Il s’agit de l’œuvre de Hristo Botev 1, révolutionnaire bulgare et poète de premier ordre, mort sous les coups des Turcs en 1876. Il n’a laissé qu’une vingtaine de poèmes, mais qui se sont envolés en chantant tout au-dessus de la Bulgarie, dont ils sont devenus le soleil qui l’illumine — elle et les esprits libres travaillant à sa libération. M. Ilia Béchkov écrit à Paris : « Pourquoi chantons-nous les chansons de Botev, tandis que des frissons parcourent notre corps ? Qu’avons-nous reçu de ses faibles mains pour que notre gratitude envers lui devienne si grande, et que nous soyons si impuissants devant elle ?… Sans Botev, il n’y a pas de Bulgarie ! Sur cette terre d’esclaves, il est devenu le ciel… Même dans les jours les plus nuageux et les plus orageux, la terre bulgare aura son soleil — Botev ! » 2 C’est qu’à travers ses poèmes, Botev a légué aux générations futures un testament de liberté et de justice à réaliser — testament si riche d’idéals qu’il forme un trésor intarissable et se renouvelant toujours où les Bulgares puisent encore aujourd’hui. L’époque de Botev peut se résumer en quelques mots : esclavage national, oppression politique, lutte sociale. La grande conscience qu’a Botev du terrible et du tragique de cette époque se répand à travers toute son œuvre. Déjà ses premiers poèmes tracent un tableau saisissant des malheurs populaires : les chaînes grondent sourdement ; la sueur des fronts coule sur les pierres tombales ; la croix s’enfonce en plein milieu des chairs vives du peuple 3 ; la rouille ronge les os. Dans « À mon premier amour » 4, Botev condamne résolument toute indifférence devant ces malheurs et tout retranchement dans un bonheur privé, détaché du destin collectif :
« Ta voix est belle, tu es jeune,
Mais entends-tu chanter les bois ?
Entends-tu sangloter les pauvres ?
…Toi chante donc un chant pareil,
Un chant de douleur, jeune fille :
Comment le frère vend le frère,
Comment dépérit la jeunesse,
Chante les larmes de la veuve,
Les petits enfants sans foyer !
Chante ou tais-toi, ou bien va-t’en ! » 5
le rêve de se donner tout entier à la libération de son peuple, voire même à celle de l’humanité oppressée
Dans « Hadji Dimitǎr » 6 et ses poèmes de maturité, Botev nourrit, avec un enthousiasme qui ne connaît plus ni bornes ni compromis, le rêve de se donner tout entier à la libération de son peuple, voire même à celle de l’humanité oppressée. « Son génie est si vaste et universel, son âme est si sensible à toute souffrance, que Botev franchit les limites d’un patriotisme étroit et banal, et œuvre au nom d’un idéal humain », explique un critique 7. Qu’on joigne à cela la chaleur et la force de ses sentiments, la majesté de son style taillé dans la pierre brute des chansons populaires, l’encre de ses vers trempée dans son sang écarlate, et on aura une idée pourquoi Botev reste un des poètes les plus admirés de ses compatriotes.

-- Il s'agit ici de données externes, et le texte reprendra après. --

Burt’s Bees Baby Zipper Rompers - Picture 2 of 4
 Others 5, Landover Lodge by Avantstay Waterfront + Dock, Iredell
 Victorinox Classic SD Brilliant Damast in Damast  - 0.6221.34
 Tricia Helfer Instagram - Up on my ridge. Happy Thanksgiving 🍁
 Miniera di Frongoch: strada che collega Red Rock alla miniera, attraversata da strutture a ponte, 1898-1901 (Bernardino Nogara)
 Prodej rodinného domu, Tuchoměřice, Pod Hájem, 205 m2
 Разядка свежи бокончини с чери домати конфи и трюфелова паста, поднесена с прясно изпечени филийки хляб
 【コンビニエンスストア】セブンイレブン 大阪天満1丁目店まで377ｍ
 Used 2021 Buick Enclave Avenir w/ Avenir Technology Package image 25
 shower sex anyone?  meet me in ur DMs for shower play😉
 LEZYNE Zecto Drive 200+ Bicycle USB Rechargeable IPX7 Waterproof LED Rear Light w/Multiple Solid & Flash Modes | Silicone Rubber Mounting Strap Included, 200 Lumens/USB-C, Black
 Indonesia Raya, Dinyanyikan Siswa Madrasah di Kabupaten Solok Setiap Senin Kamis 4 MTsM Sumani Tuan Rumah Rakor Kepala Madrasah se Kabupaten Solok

Il n’existe pas moins de quatre traductions françaises de « Hadji Dimitǎr », mais s’il fallait n’en choisir qu’une seule, je choisirais celle d’Éluard.
« Жив е той, жив е ! Там на Балкана,
Потънал в кърви, лежи и пъшка
Юнак с дълбока на гърди рана,
Юнак във младост и сила мъжка.
На една страна захвърлил пушка,
На друга сабля на две строшена ;
Очи темнеят, глава се люшка,
Уста проклинат цяла вселена !
Лежи юнакът, а на небето
Слънцето спряно сърдито пече ;
Жътварка пее нейде в полето,
И кръвта още по-силно тече ! »
— Début dans la langue originale
« Là-bas, dans le Balkan, il est toujours vivant.
Mais il gît et gémit, il est couvert de sang ;
Sa poitrine est trouée d’une affreuse blessure.
Frappé dans sa jeunesse, il vit, notre héros.
Il a laissé tomber son fusil inutile,
Son sabre s’est brisé dans l’ardeur du combat.
Et sa tête vacille et ses yeux s’obscurcissent
Et sa bouche maudit l’univers tout entier.
Il gît, notre héros, tandis qu’en haut du ciel
Le soleil, arrêté, flamboie et se courrouce.
Dans la plaine, très loin, chantent les moissonneuses.
Et le sang se répand, le sang coule sans cesse. »
— Début dans la traduction d’Éluard
« Vivant, il est toujours vivant ! Là, sur le Balkan,
La poitrine trouée d’une blessure profonde
Il gît gémissant, tout couvert de sang ;
Le héros, frappé en pleine force et jeunesse.
Sur un côté, il a jeté son fusil,
Sur l’autre, son sabre brisé en deux,
Et sa tête vacille, ses yeux s’obscurcissent
Et sa bouche maudit l’univers entier !
Il gît, le héros, tandis qu’en haut du ciel
Le soleil, arrêté, flamboie et se courrouce ;
Dans la plaine, très loin, chante une moissonneuse.
Et le sang se répand, le sang coule sans cesse ! »
— Début dans la traduction de M. Éric Karaïliev (dans « Anthologie de la poésie classique bulgare », éd. Iztok-Zapad, Paris-Sofia)
« Dans les Balkans, il vit encore,
En sa vigueur virile, adolescent ;
Mais de son sein que la douleur dévore
S’écoule un flot de sang.
Il a d’un côté rejeté sa carabine,
De l’autre, en deux tronçons, son sabre aux reflets clairs.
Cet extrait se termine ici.